New Study Measures Economic Impact Of Pharmaceutical Technologies
US - Pharmaceutical technologies – parasite control products, growth promotant implants, sub-therapeutic antibiotics, ionophores and beta-agonists – have a profound impact on the U.S. beef industry.The improvement in growth and efficiency produced by these products impacts all phases of beef production – cow-calf, stocker and feedlot – significantly increasing the volume and decreasing the cost of beef we produce in the U.S.
Dr. John Lawrence, Ph.D., professor of economics at Iowa State University and director of the Iowa Beef Center, recently completed an economic analysis of the impact of pharmaceutical technologies on U.S. beef production using 2005 cattle prices and production input costs. Performance data from university studies conducted over the past 20-25 years for each of the technologies were combined using meta-analysis, a widely accepted technique for combining empirical data. The performance results were converted to dollar impact using budget data from ten universities in various regions of the U.S. The combined economics indicate that these technologies produced a direct cost savings to producers of $365.00 per head of beef cattle raised. Selling prices would have to increase by 36 percent to cover the increase in costs without these technologies.

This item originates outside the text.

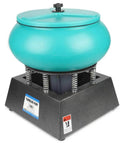 17 Inch Vibratory Tumbler Polishing And Grinding Machine For Jewelry Copper Aluminum Agate Wood Stone 220V 250W 12L Capacity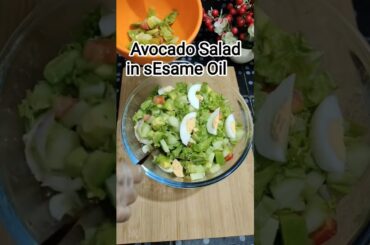 HEALTHY AVOCADO SALAD RECIPE #healthyrecipes #saladrecipe #salad #avocadosaladrecipe #easyrecipe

Lawrence also analyzed these results using the Food and Agricultural Policy Research Institute (FAPRI) model of U.S. agriculture to estimate the impact on beef production, price and trade if these pharmaceutical technologies were not available. The FAPRI model indicates that U.S. beef industry would be impacted as follows:
- 14% smaller calf crop
- 18% reduction in total beef produced
- 180% increase in net beef imports
- 13.5% increase in retail beef prices
Pork and poultry production would expand to fill the void for domestic and export customers.